Benchmark Results & Judge Validation

Fine-grained benchmark results on EgoCoT-Bench. The figure summarizes subtask-level answer accuracy, group-wise reasoning quality using Reasoning Score (R) and inverted SCR. To assess the reliability of the reasoning judge, we compare LLM-based scoring against human evaluation on 2,800 randomly sampled responses.
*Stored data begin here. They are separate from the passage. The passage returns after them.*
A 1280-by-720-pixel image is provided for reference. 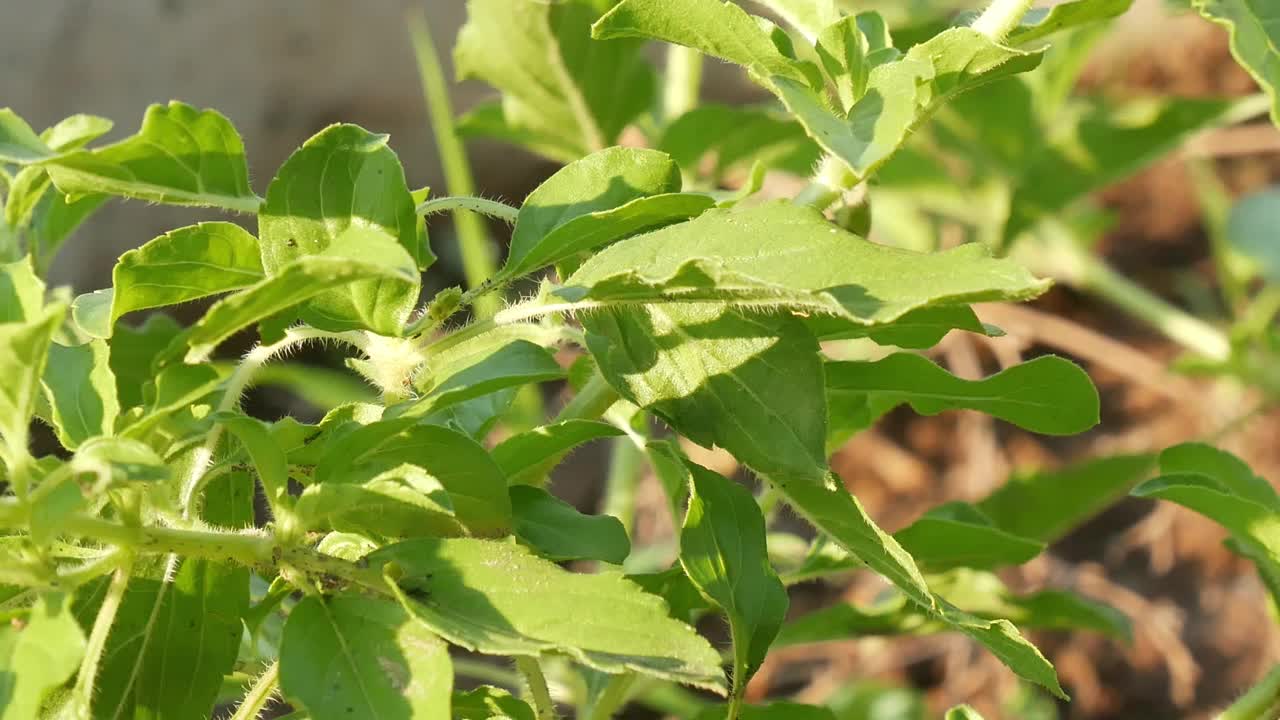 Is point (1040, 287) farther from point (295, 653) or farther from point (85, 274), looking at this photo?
point (85, 274)

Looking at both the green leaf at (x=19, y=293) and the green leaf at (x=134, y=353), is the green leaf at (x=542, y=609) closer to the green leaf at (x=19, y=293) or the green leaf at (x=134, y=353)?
the green leaf at (x=19, y=293)

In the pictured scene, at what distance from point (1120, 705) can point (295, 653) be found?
1.41m

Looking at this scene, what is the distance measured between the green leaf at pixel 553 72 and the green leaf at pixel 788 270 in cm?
41

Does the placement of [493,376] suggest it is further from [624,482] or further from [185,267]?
[624,482]

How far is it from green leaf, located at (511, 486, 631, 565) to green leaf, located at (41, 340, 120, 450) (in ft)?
0.50

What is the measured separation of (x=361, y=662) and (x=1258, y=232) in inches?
58.7

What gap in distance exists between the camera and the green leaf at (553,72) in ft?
2.75

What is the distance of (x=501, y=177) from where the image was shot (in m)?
2.28

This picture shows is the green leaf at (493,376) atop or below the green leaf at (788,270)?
below

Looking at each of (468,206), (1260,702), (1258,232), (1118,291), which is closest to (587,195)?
(468,206)

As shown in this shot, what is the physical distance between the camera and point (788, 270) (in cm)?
39

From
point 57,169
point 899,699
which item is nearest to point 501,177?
point 899,699

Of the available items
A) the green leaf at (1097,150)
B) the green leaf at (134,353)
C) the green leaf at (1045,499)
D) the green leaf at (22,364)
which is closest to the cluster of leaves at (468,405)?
the green leaf at (22,364)

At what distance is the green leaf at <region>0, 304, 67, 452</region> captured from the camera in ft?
1.17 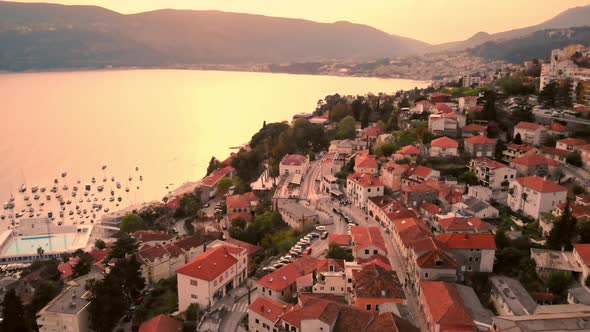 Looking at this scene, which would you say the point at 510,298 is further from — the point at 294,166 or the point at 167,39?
the point at 167,39

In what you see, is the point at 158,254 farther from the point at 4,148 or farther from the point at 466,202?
the point at 4,148

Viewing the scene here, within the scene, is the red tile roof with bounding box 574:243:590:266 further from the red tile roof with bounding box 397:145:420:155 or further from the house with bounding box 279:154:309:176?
the house with bounding box 279:154:309:176

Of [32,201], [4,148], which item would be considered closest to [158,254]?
[32,201]

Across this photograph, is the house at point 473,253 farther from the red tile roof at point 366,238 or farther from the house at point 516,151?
the house at point 516,151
The LLM judge shows strong alignment with human assessment, achieving a high quadratic weighted kappa (QWK = 0.93), 96.7% agreement within ±1 score, and 75.3% exact agreement.

Fine-grained benchmark results and judge validation on EgoCoT-Bench

Figure 3. Fine-grained radar analysis and judge validation on EgoCoT-Bench.

Annotation Quality Assurance

To ensure correctness, egocentric relevance, and evidence-grounded reasoning quality, EgoCoT-Bench adopts a multi-stage annotation and review pipeline. This section reports quantitative statistics for candidate filtering, rejection reasons, agreement, and final quality control.

Initial Candidates
4,300
STSG-guided candidate QA samples before screening
Final Accepted Samples
3,172
Released benchmark samples after full review
Overall Retention Rate
73.8%
Final accepted / initial candidates
Human Reviewers
4 + 1
4 annotators for screening, 1 lead reviewer for adjudication

Final Quality Control Summary

Overall, EgoCoT-Bench was finalized through a structured human-in-the-loop review process that filters out ambiguous, weakly grounded, or low-quality samples. The released benchmark prioritizes answer correctness, egocentric relevance, temporal and spatial grounding fidelity, and rationale verifiability.